That post had me grinning many times and took me on a virtual ride back on memory's lane... Never read much of Cunningham- for reasons you've described only too well! I remember reading 'good books' as in- British or American publications, glossy pages, and then realizing on the eve of the exams that the cheap looking Indian book with 'points' (no concept of prose there) was the passport for exams really!

Adorable Pancreas said...

@sreejith:
A lot of my friends are hostellers, and they keep telling me that. On the other hand, I don't have to eat the crap they serve in the mess (mess is a very good term).
Stating the obvious is my favourite pastime. eg: I love to eat food.

@tys on ice:
Good one!
Yeah, it does.
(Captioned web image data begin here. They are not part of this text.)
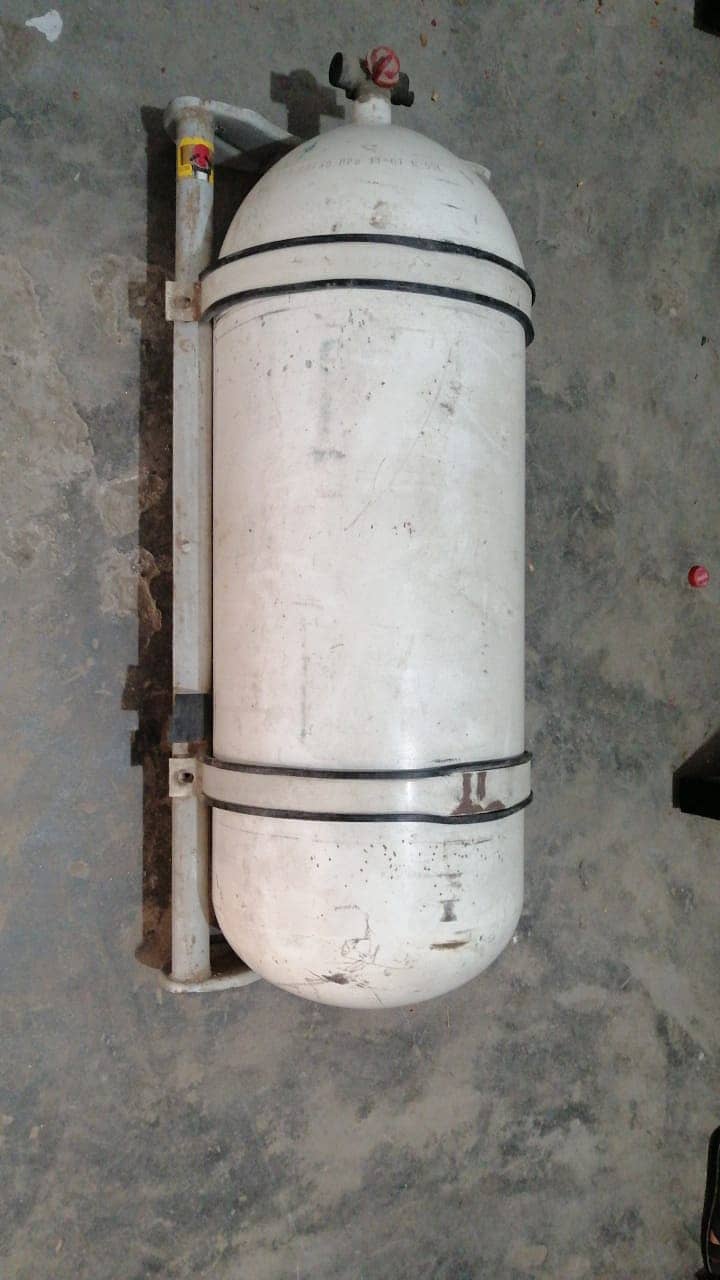 CNG Cylender with Orignal Gas Kit & Frame For Sale 0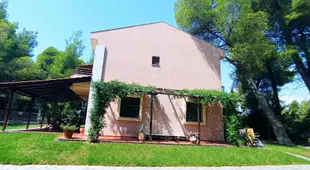 High aesthetics maisonette in the wood by the sea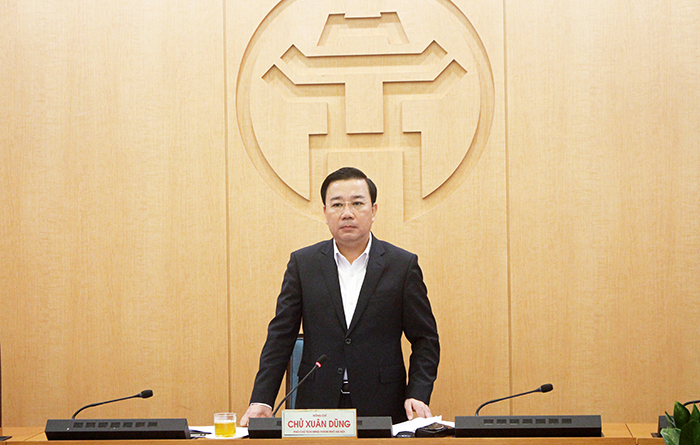 Phó Chủ tịch UBND TP. Hà Nội Chử Xuân Dũng chủ trì cuộc họp. 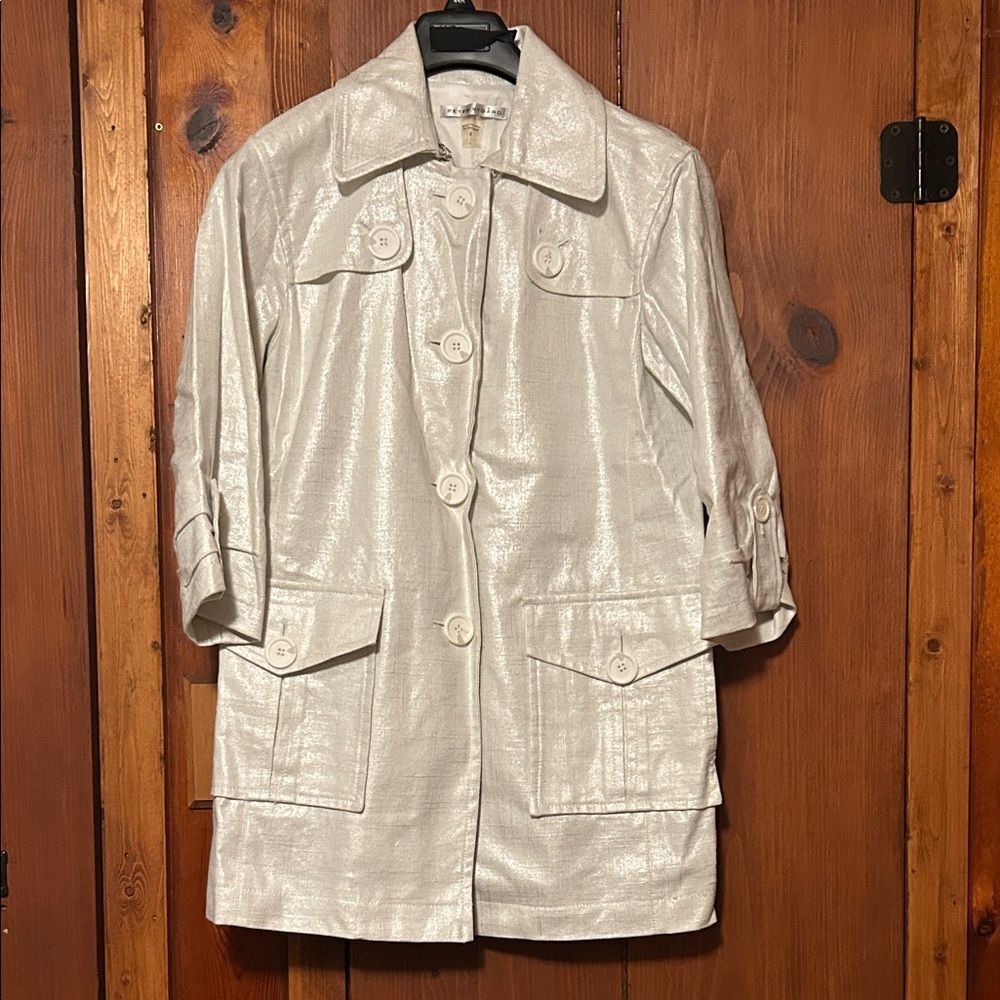Peter Nygard Shimmering white Trench Coat/blazer size 6. CJ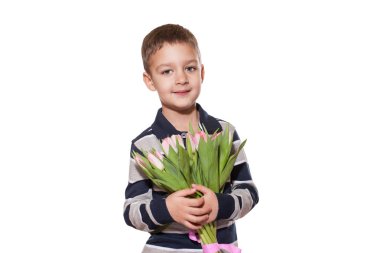 Stüdyo tatlı küçük çocuk kareli gömlek Pembe Lale elinde pembe kurdele ile bağlı buket beyaz stüdyo zemin üzerine ayakta vurdu 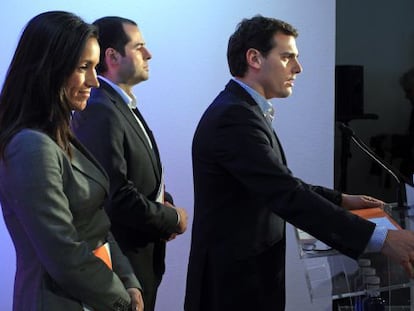 Begoña Villacís, junto al líder de C's, Albert Rivera.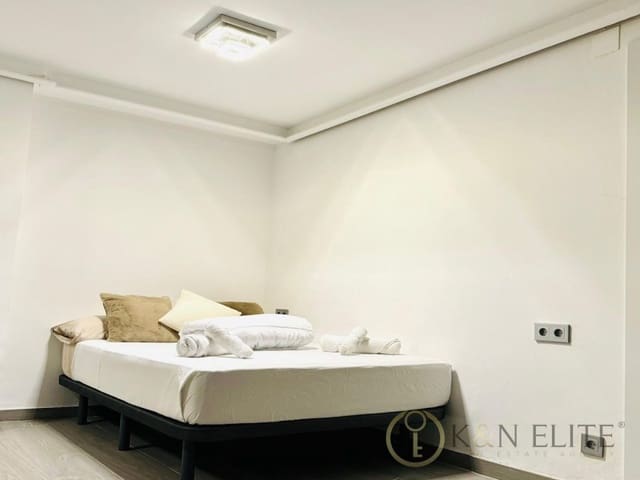 1 sovrum Lägenhet att hyra i Ciutat Vella, Valencia stad - 1 300 € (Ref: 9906960)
I believe there was a Roman centurion in an Asterix comic by the name gluteus maximus. :D I know the names of all the bones too! Same pinch. Yes, I am going to 'study'.
Thanks, tys. Keep coming back.

@spunky monkey:
In search for enlightenment, eh?
(The comedy is that I read your blog.)

@toothless wonder:
We have Arabic classes once a week. I used to have good hsndwriting before I joined. *sigh*
I need all the practice I can get. :)
@toothless again:
Thank you!

@keshi:
Thank you. :)
He made me laugh too.

@crazy dhakkan:
Yeah, it's called 000. Double O O. :P
Thanks for visiting. And 'll be back.

@keshi the second:
Typo ignorde. I hadryl evre maek tyops, ypu nkow.

@doomed doctor:
Danksh. Every single final year student I know makes it a point to give me a 'you ain't seen nothin' yet' hint. Why, oh why? :(

@anon:
I know what you mean. All of us fall for the beautiful pictures in the 'phoren' books, only to find out later that 'East no West, India is the best.' :) Thanks for stopping by.

Ajey said...

The Cain & Abel piece was great research. Etched on blogger for posterity..lol.

Ziah said...

Kill me on the spot doc.. my sides hurt! :)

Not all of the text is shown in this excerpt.